Neither the Republicans nor the Socialists have found a way to recover from their loss to Emmanuel Macron.

The sun sets on the Bourbon Palace, seat of the French National Assembly, in Paris, June 8, 2007
The sun sets on the Bourbon Palace, seat of the French National Assembly, in Paris, June 8, 2007 (jrrosenberg)

France’s once-dominant center-left and center-right parties still haven’t recovered from their defeat two years ago at the hands of Emmanuel Macron.

The Socialists got only 6 percent support in European elections on Sunday, the same share as the far left. Former president Nicolas Sarkozy’s Republicans got 8.5 percent, down from 21 percent five years ago.

Most of the media attention has gone to the winners: Macron’s liberal-centrist alliance, Marine Le Pen’s National Rally and the Greens, who got almost 60 percent support combined. But the collapse of the old parties — and with it an era in French politics — is just as big a story.

Center versus extreme

In the European election, Macron and Le Pen got roughly the same level of support they did in the first round of the 2017 presidential election: Macron went down from 24 to 22 percent, Le Pen up from 21 to 23 percent. Each has a solid base of between a fifth and a quarter of the electorate.

Le Pen has less potential for growth. She got 34 percent support in the second presidential voting round. Most of her gains came from the center-right Republicans. Hence her party, rebranded National Rally, has focused on winning over conservative voters, as I argued here at the time it would. It no longer calls for an immediate exit from the EU and emphasizes white identity politics.

Most of Macron’s room for growth is on the left. In a runoff, he would count on liberal Republicans, moderate Socialists and Greens to give him a majority.
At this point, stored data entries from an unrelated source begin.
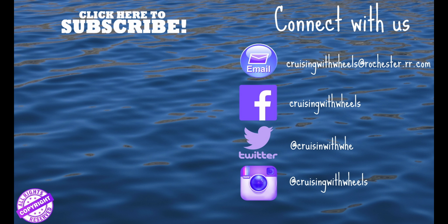That's all I've got for you. I hope this is helpful. On behalf of Kevin and myself and Cruisin' with Wheels, we're going to see you soon on the high seas. Travel safe and cruise often.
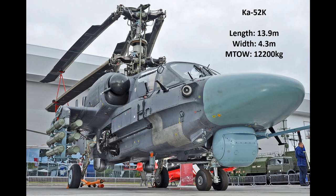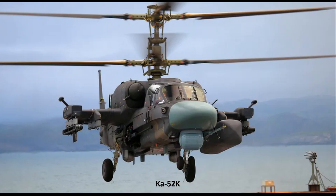Ruling out the AH-1Z Zulu for obvious reasons, the only serious existing foreign contender is the Ka-52K. With a length of 13.9 metres and a width of 4.3 metres folded, its maximum take-off weight is around 12,200 kilograms, which includes significant weight in armour protection of the crew and strength in landing gear. The Ka-52 is in a similar weight category to the AH-64. Its 30mm gun can engage armoured targets out to around 1,500 metres and soft-skin targets and infantry out to around 4,000 metres, and uses the same ammunition as the PLA's 30mm weapons.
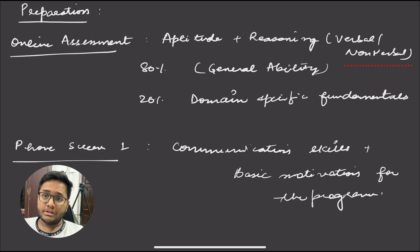For preparation, the online assessment syllabus covers aptitude, reasoning, verbal and non-verbal — about 80% general aptitude and 20% domain-specific fundamentals. For software application, you might get basic CS questions like HTTP, networking, and DBMS. For data analytics, basic Python and SQL queries are sufficient. The online assessment rarely involves deep domain-specific questions — it is majorly aptitude and common sense.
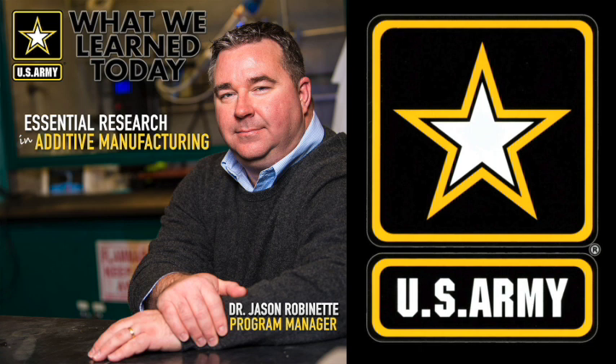In a big room full of machinery, an Army researcher starts an application on his computer and a 3D printer starts whirring and moving. This is the U.S. Army Combat Capabilities Development Command's Army Research Laboratory at Aberdeen Proving Ground, Maryland. The laboratory has essential research programs to help build the Army of the future. 3D printing, also known as additive manufacturing, will play a critical role in changing how we build things.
The danger, John Lichfield has argued in Politico, is that France’s former two-party system is being replaced by a center-versus-extreme dynamic. The only alternative to Macron’s managerial centrism is the far right (or the far left, but it is much smaller).

Tradeoffs

What are the Republicans and Socialists to do?

They probably won’t recover while Macron is in office, but it is also doubtful that the president’s party, La République En Marche!, will survive him.

The Republicans must take the fight to Le Pen without becoming her. Austria’s Sebastian Kurz is the only center-right leader in Europe who has emerged stronger from a cooperation with the far right. Everywhere else, from Flanders to Spain, conservatives have come away battered from the experience. Shrink the gap between the mainstream right and the far right and you make it easier for voters to switch.

The French Socialists could follow the example of Portugal’s António Costa and Spain’s Pedro Sánchez and attempt the unite the left. The Communists, Greens and Jean-Luc Mélenchon’s France Unbowed refused such an alliance in the European election this year. Now that the Greens are the largest party on the left, it may be too late for the Socialists. But only a single left-wing bloc could seriously compete with Macron and Le Pen.

Both strategies have tradeoffs. By sticking to the center and rejecting the far right’s ethnic nationalism, the Republicans could leave permanent space for a nativist party on the right. A left-wing pact could convince social liberals to stick with Macron. But not making such a choice at all is what caused support for the Republicans and Socialists to collapse in the first place.